The identifiers range from 1 to ft, where **ft** is the size of the event dictionary,
and are going to be referred as events for the rest of the notebook. 
An event might indicate a specific maintenance process that has taken place or a specific fault.

Variables **str** and **ste** are the number of the daily segments
of the training and test sets, respectively.

To test the accuracy of the PdM techniques, specific patterns of events
of length **pl** from the ft dictionary that precede the target event are infused.

The clarity of the pattern **pc** is distorted in order to emulate the real world cases, where
the preceding indications of a prominent failure are not always exactly the same
or clear. This variable defines the percentage of partial patterns 
(i.e. pattern instances that are missing some of the eventsof the original pattern).
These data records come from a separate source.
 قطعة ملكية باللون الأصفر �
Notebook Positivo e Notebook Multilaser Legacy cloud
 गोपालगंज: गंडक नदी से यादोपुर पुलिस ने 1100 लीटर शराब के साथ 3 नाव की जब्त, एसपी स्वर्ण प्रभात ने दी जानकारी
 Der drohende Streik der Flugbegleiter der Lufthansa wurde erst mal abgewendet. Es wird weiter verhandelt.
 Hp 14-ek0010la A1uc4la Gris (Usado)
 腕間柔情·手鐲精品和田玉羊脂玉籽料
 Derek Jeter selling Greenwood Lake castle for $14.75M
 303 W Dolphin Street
A partial pattern size **pps** defines the percentage of the missing events.

To better map real world cases, the patterns are not deterministic, but each
of the pl elements is linked to **minf**/**maxf** specific events. This
corresponds to the situation, where there are families of faults (event types)
that might precede the target event.

In addition, the distances of the pattern and the target event **mint**/**maxt**
and between pattern events **minp**/**maxp** are also configurable.
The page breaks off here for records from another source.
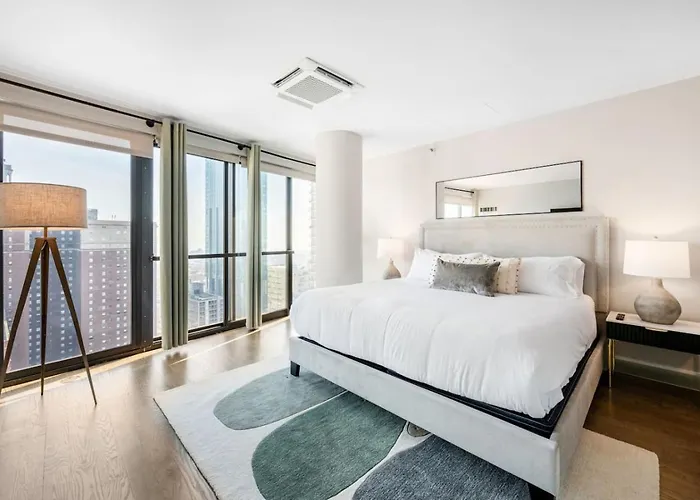 Downtown Penthouse Views Gym, Parking #1 * Chicago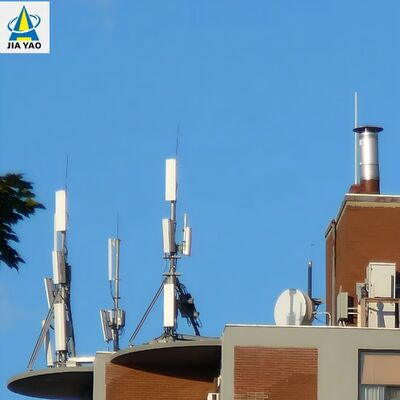 Menara Monopole Atap Ringan 25M 30M 40m untuk Densifikasi Sel Kecil 5G Perkotaan dengan Jejak Basis Kecil dan Baja Galvanis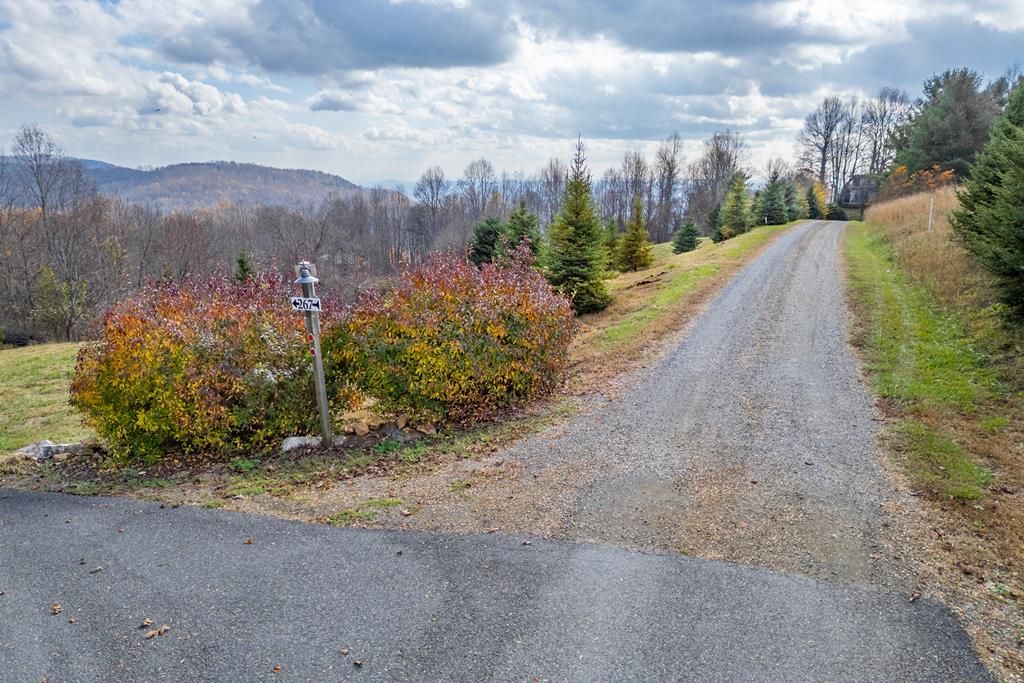 Photo of 38 Dogwood Ridge #2B, Fancy Gap, VA 24328 (MLS # 103961)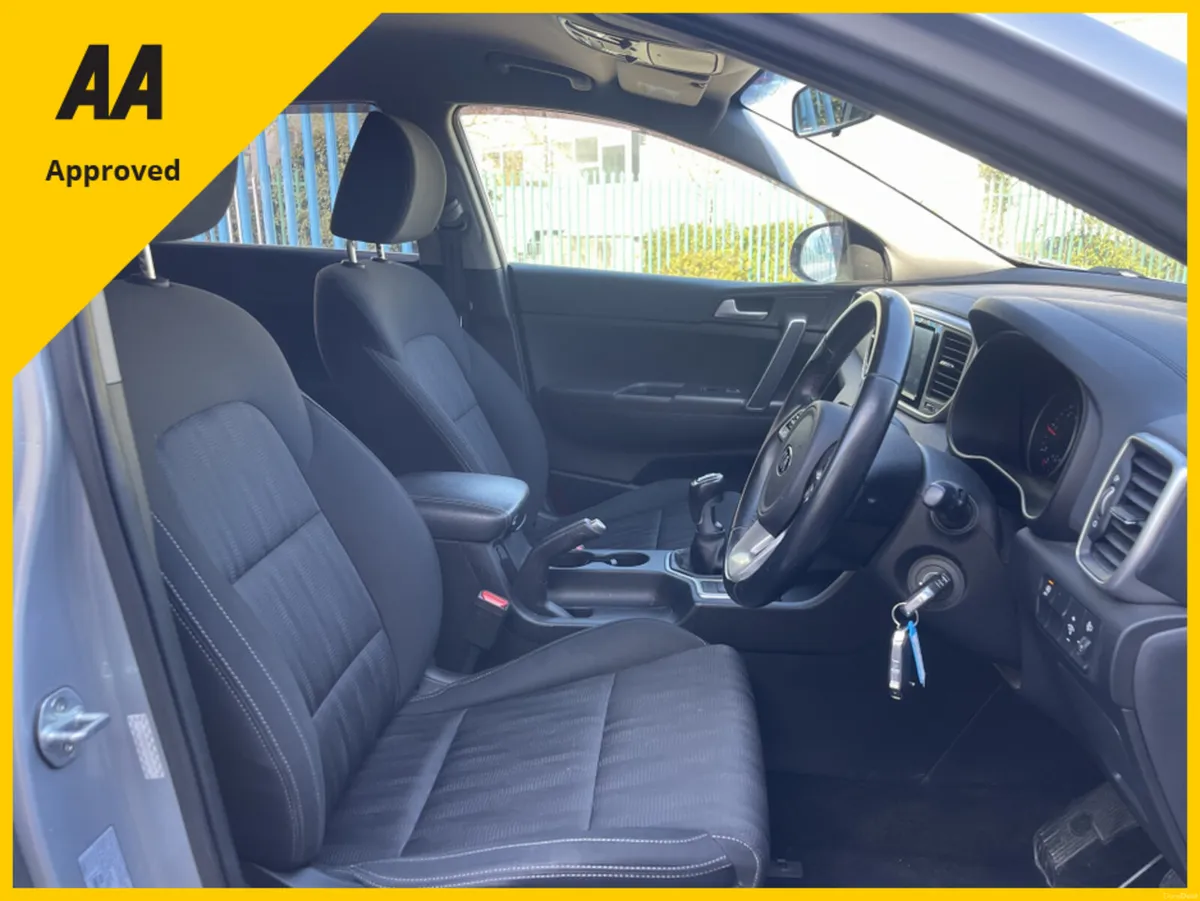 Kia Sportage 1 CRDI ISG MHEV FREE DELIVERY - Image 4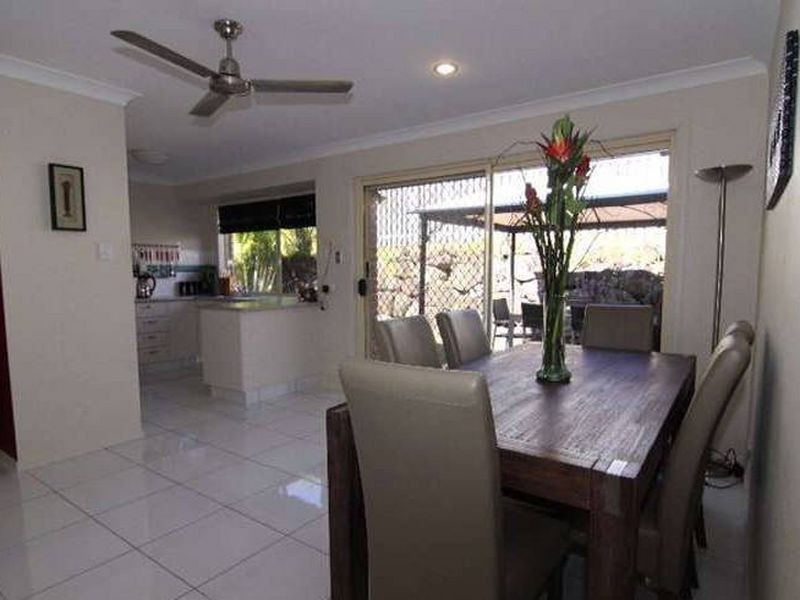 6 Coolawin Place, Nerang QLD 4211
The order of the events of the pattern can also be shuffled(**shuffled_pattern**), to allow for higher 
exibility of the supported scenarios.

Another value we have to define is the **max_dist_between_events**, which shows the max number of days that one specific event takes to happened again.

For making the random output to remain the same we define a specific number **seed**.

In [1001]:
#Init the variables.
 
n_fault_type=1500 #50 #10 #ft=number of fault types

training_days =3*365 #20 #str=number of the training days
testing_days =2*365 #10 #ste=number of the testing days
 
pattern_length = 6#6 #3 #pl=pattern length
 
pattern_clarity = 0.9  #pc=pattern clarity
partial_pattern_percentage = 0.5  #pps=the percentage of the missing events in the destored patterns

min_pattern_forms = 1#1  #minf=min forms of each event of the patterns
max_pattern_forms = 3#3  #maxf=max forms of each event of the patterns

min_n_days_before_target = 1 #mint=min distance of the pattern from the target event
max_n_days_before_target = 5 #maxt=max distance of the pattern from the target event

min_n_days_between_pattern_events = 1  #minp=min distance between pattern events
max_n_days_between_pattern_events = 2  #maxp=max distance between pattern events

shuffled_pattern = False#False  #variable that shows if we will shuffle the data

max_dist_between_events = 50#15 #3 #max distance between events

name="DS3_10"
seed = 0 #if you use the same seed in np.random.RandomState(), then the random output will remain the same

### User's settings

In [1002]:
#Setting user's input to the appropriate variables.
for i in range(1, len(sys.argv)):
    arg = sys.argv[i]
    if("--n_fault_type" in arg):
        n_fault_type = int(sys.argv[i+1])
    elif("--training_days" in arg):
        training_days = int(sys.argv[i+1])
    elif("--testing_days" in arg):
        testing_days = int(sys.argv[i+1])
    elif("--min_n_days_before_target" in arg):
        min_n_days_before_target = int(sys.argv[i+1])
    elif("--max_n_days_before_target" in arg):
        max_n_days_before_target = int(sys.argv[i+1])
    elif("--min_n_days_between_pattern_events" in arg):
        min_n_days_between_pattern_events = int(sys.argv[i+1])
    elif("--max_n_days_between_pattern_events" in arg):
        max_n_days_between_pattern_events = int(sys.argv[i+1])
    elif("--max_dist_between_events" in arg):
        max_dist_between_events = int(sys.argv[i+1])
    elif("--partial_pattern_percentage" in arg):
        partial_pattern_percentage = float(sys.argv[i+1])
    elif("--pattern_length" in arg):
        pattern_length = int(sys.argv[i+1])
    elif("--pattern_clarity" in arg):
        pattern_clarity = float(sys.argv[i+1])
    elif("--min_pattern_forms" in arg):
        min_pattern_forms = int(sys.argv[i+1])
    elif("--max_pattern_forms" in arg):
        max_pattern_forms = int(sys.argv[i+1])
    elif("--shuffled_pattern" in arg):
        shuffled_pattern = bool(sys.argv[i+1])
    elif("--seed" in arg):
        seed = int(sys.argv[i+1])     

#### Useful variables
The array size **n_days**=str+ste.

We set a RandomState constant variable **r** to ensure that the random numbers are generated in the same order.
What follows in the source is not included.